# Sask Snows



## headshot (Oct 26, 2006)

Here are just a few of the 2 man limit of adult snows we got today. Who said rags don't work? We blasted them, lots of blood and good times. Season total is 86 SOB's no juvies at all. Special thanks to Bullsprig for the great deal on the Whiteout SS.


----------



## blhunter3 (May 5, 2007)

Fun hunt it looks like.


----------



## SDwaterfowler (Mar 2, 2006)

Nice job. I feel for you guys not being able to shoot ross and having to know it is a snow before pulling the trigger on the white ones. I imagine you could shoot a lot more birds if you didn't have to make absolutely sure that the white ones were snows before shooting.


----------



## bluebird (Feb 28, 2008)

Looks like a great time. What is the Limit up in the wonderfull place of Canada? :beer:


----------



## headshot (Oct 26, 2006)

The limit is 20 a day-60 possesion. It is difficult to ID the birds but the penalty is far too great to get careless. Usually we target the eagle heads but for some reason there aren't many blues in this area this spring.
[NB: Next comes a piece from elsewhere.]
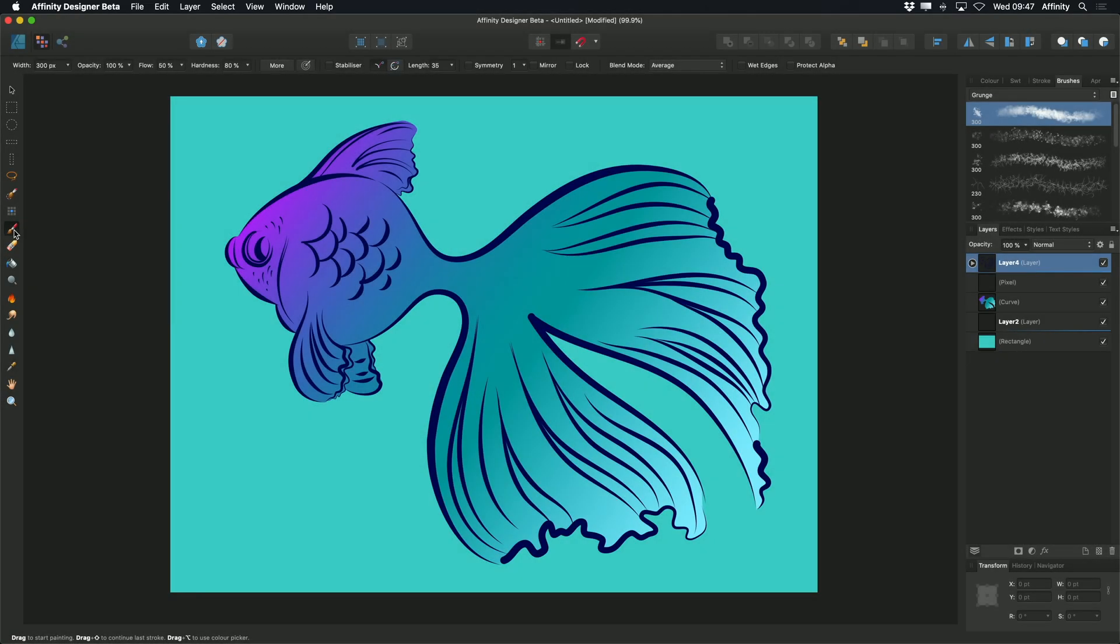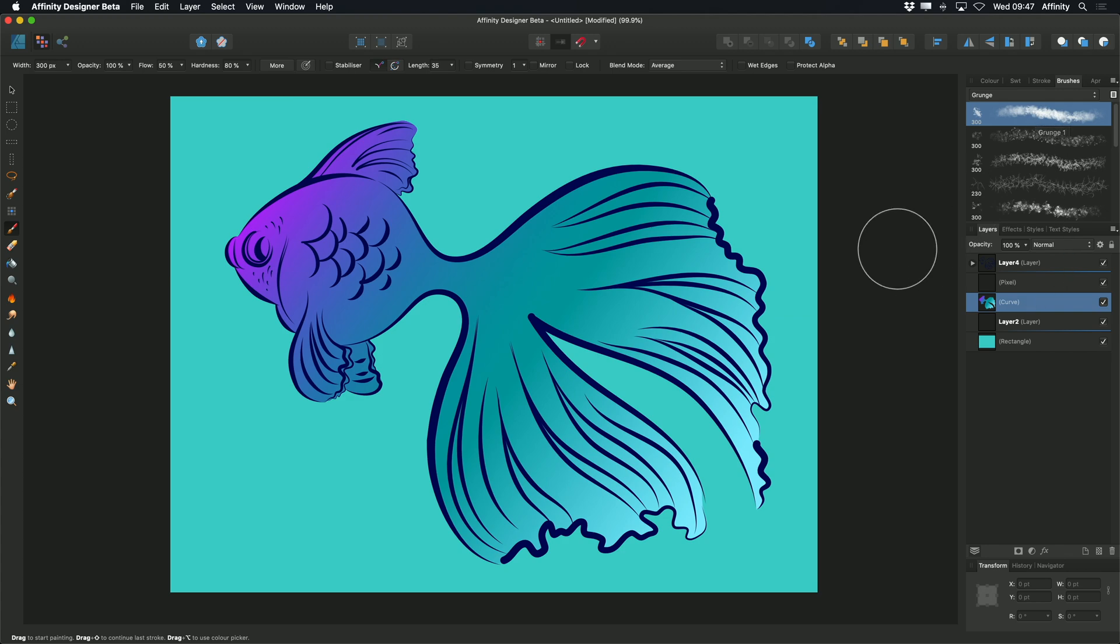We can also use the paintbrush tool in Pixel Persona to add raster elements to vector illustrations. If I select this vector curve that I've already created, you'll see I've already selected a grunge brush from my brushes studio.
Not being able to shoot Ross geese adds a challenge to the spring hunt. :beer:


----------



## R&amp;B OUTFITTERS (Feb 25, 2004)

Good job headshot ,I am done for this spring. had 1 of the best springs ever lots of birds and decoyed very good but we had lots of juvies over here . and piles of rossies whitch where landing the decoys fun to watch
if nothing else.


----------



## rock7178 (Jan 18, 2005)

wow that stinks ya'll can't shoot rossies!! Looks like a couple good shoot though! Nice job! :beer:


----------



## MNgrinder (Apr 1, 2009)

why cant you shoot ross geese?


----------



## teamshakeandbake (Oct 14, 2008)

The reason that there arent many blues like that in the area is because i have already shot them all when they came through south dakota :lol:


----------



## KEN W (Feb 22, 2002)

MNgrinder said:


> why cant you shoot ross geese?


They were not included in the Canadian conservation season regulations.A mistake by the Canadian wildlife Service.


----------



## H20-FowlHunter (Aug 8, 2008)

No the reason there arnt any blues by you is because they are over in Manitoba. Went up last weekend and on our first night hunt we got our limit of 100 birds. *87 of the 100 we shot were adult blues*. I don't know if it was the fact there was a green collared blue in that field or if there were more blues


----------